How to Stay True to Yourself Tip #3: You don’t stumble onto meaning; you build it into your life.
10 minutes a day is all it takes to start learning how to stay true to yourself.
This is simple life mastery. But how will you get there if you can’t focus on 10 minutes today?
Tomorrow.
And the day after is always about what you do right now.
My ego tells me, “Trevor, you better get a nine to five. You better start making more money. You better eat that bar of chocolate right now. No, don’t work out. You are tired. You are old. You are too busy.”

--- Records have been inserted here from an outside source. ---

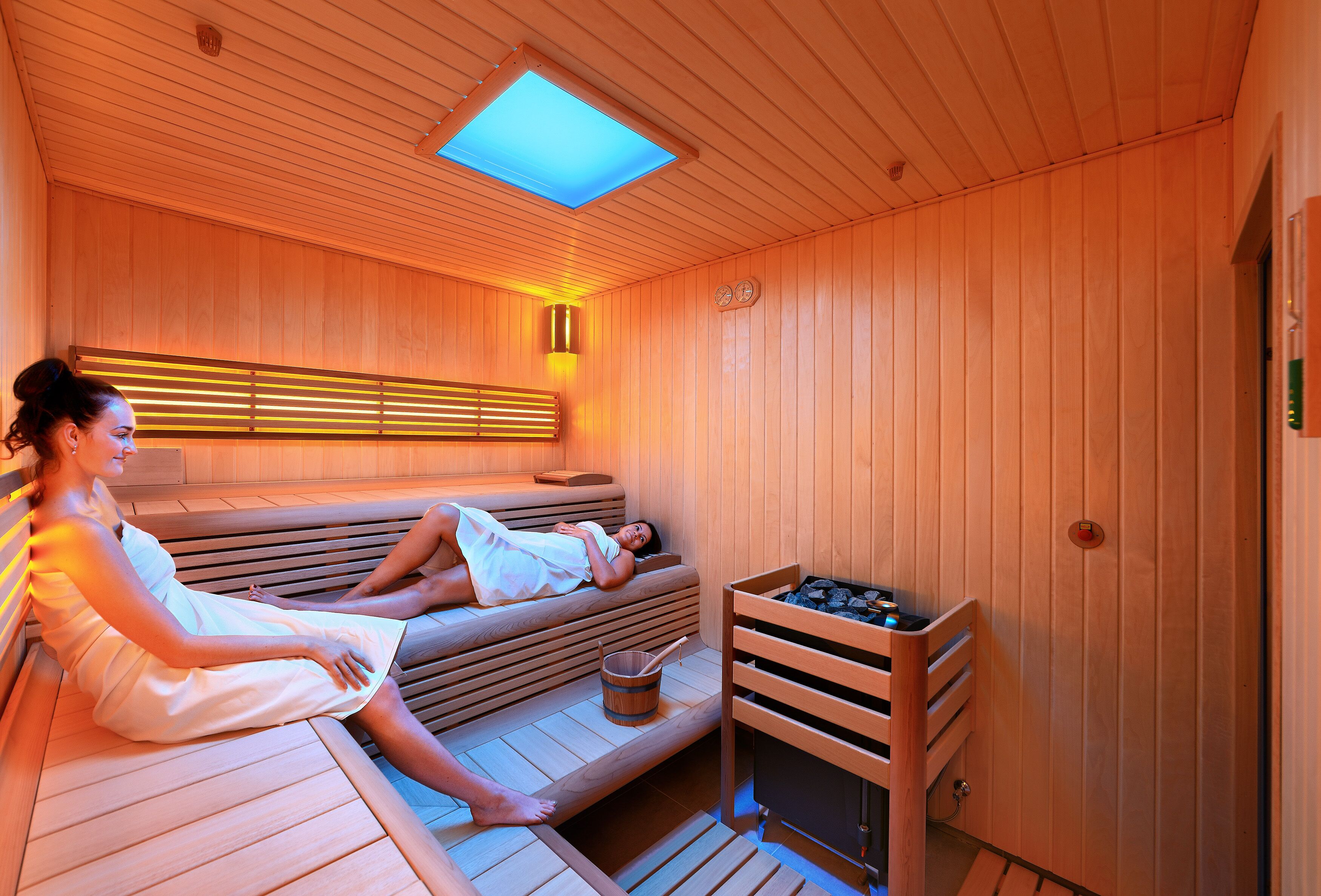 Un sauna con bancos de madera y un asiento. Hay un balde con una cuchara y un calentador en el banco.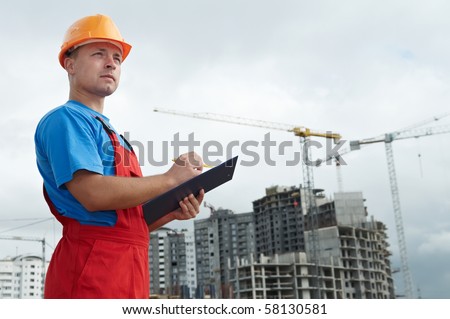 One builder worker with clipboard inspecting construction site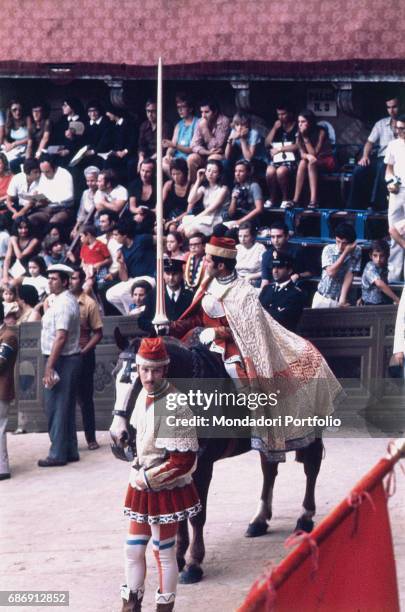 Palio di Siena. The Corteo Storico leading the horse race between the city wards parading on Piazza del Campo. Siena, 1975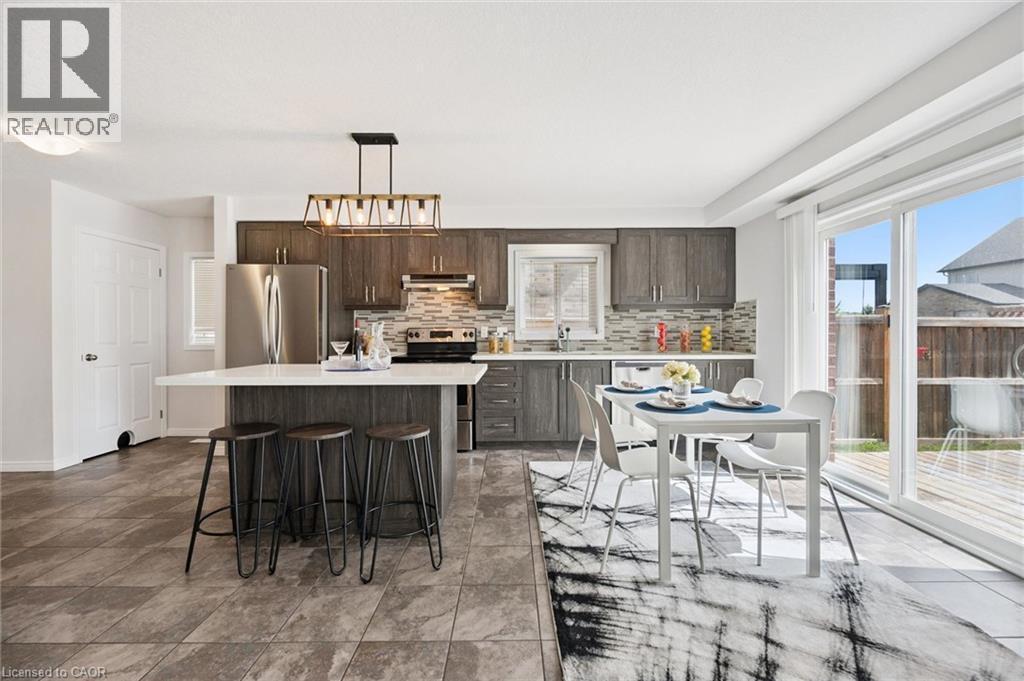 Kitchen with wood-finish cabinetry, stainless steel appliances, and an island featuring a white countertop - 360 Freure Drive, Cambridge, ON - Indoor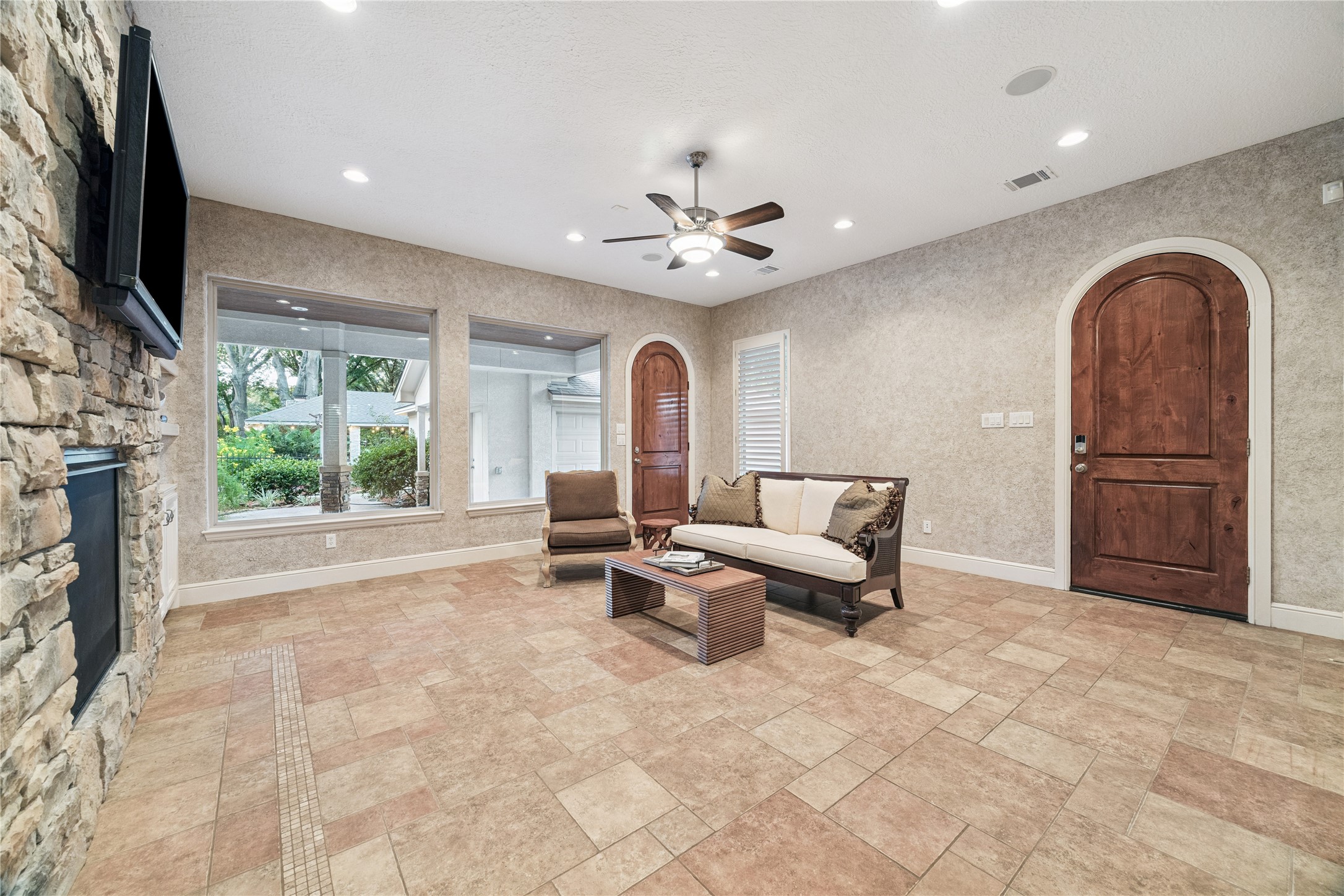 16218 Barklea Road Cypress, TX 77429 - Photo 11 of 36 a living room with furniture a fireplace and a flat screen tv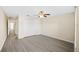 Spacious bedroom with wood-look flooring, ample closet space, and a bright, airy feel at 380 Carina Cir, Sanford, FL 32773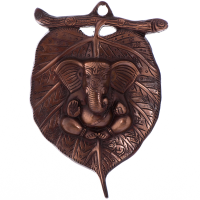 Metal Wall Hanging Of Lord Ganesha On Leaf For A Holy Ambience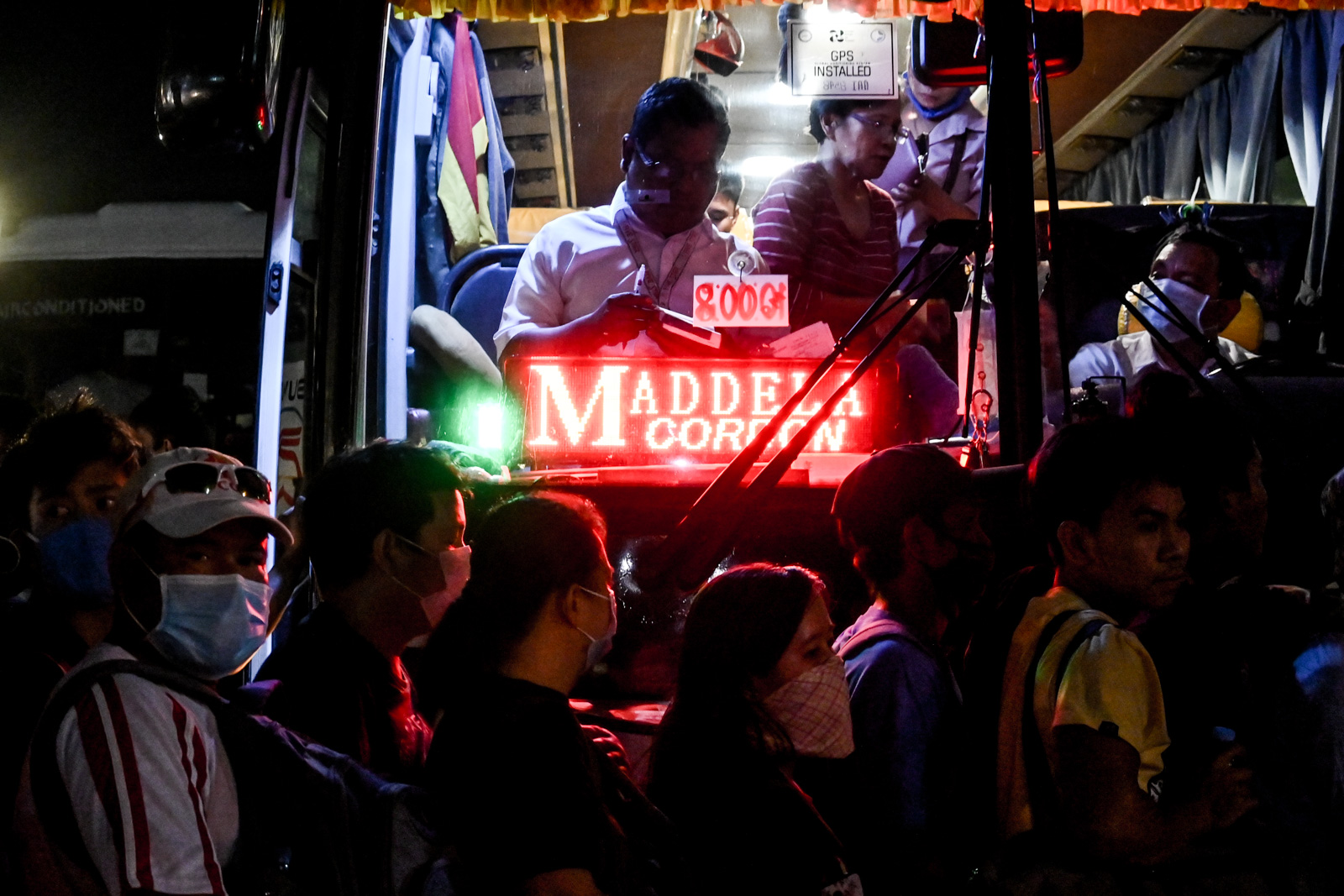 RUSH. Commuters, hoping to leave Manila before the travel ban, flock to a bus terminal in Cubao, Quezon City on Friday, March 13, 2020. Photo by Alecs Ongcal/Rappler 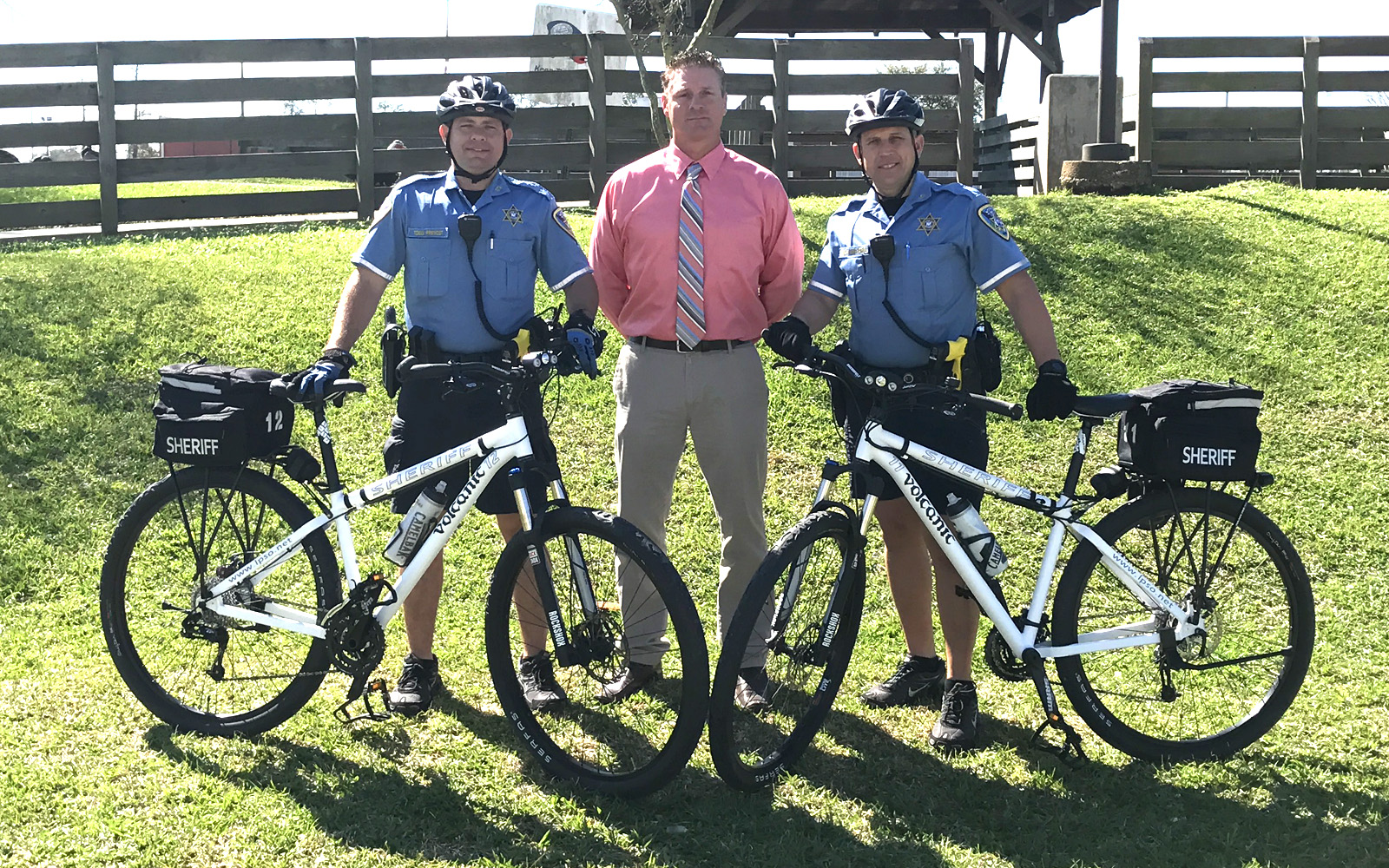 Sergeant Todd Prevost (left) and Deputy Jason Matherne (right) pictured with John Champagne (center) of the Community Crusaders of Lafourche.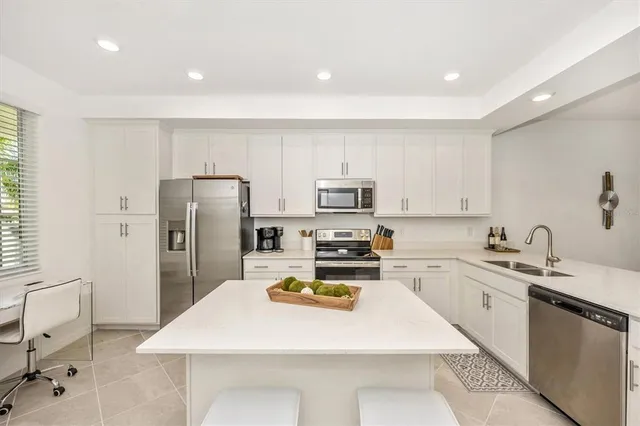 a kitchen with a sink a stove a refrigerator and white cabinets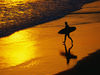 Sun down, surf's up on Huntington Beach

The ego thinks there is only one way to do something.
But that isn’t true.
I’ve found many ways to make a living without a nine to five.
I’ve built a startup.
I invested in real estate.
I sailed on a boat I bought for $5,000 through the Caribbean (and actually saved money without a job in our BEAT THE JONES American society). So yes, my ego doesn’t want to do any of this being better stuff–from investing to startups to fitness– until it comes down to wanting to be recognized for it. Oh, then that greedy little sucker wants all the status, popularity, and fame (and drama). Yet, like losing basketball teams, countries, or businesses, the ego dominates the culture and doesn’t want to do any work or sharing or teamwork to get there, yet wants all the notoriety. The basis for teaching kids to adults how to create a purposeful life is about how to get out of your own way and practice simplicity.
This is what I’ve learned: if you don’t practice a system, you are left to the parts and barriers inside you that are very, very good at negotiating who you will become (for better or worse) tomorrow.
And mostly, don't let the patriarch tell you who you are supposed to be and what you are supposed to buy-- screw the Jones family.
Find your own status symbol to celebrate-- FREEDOM!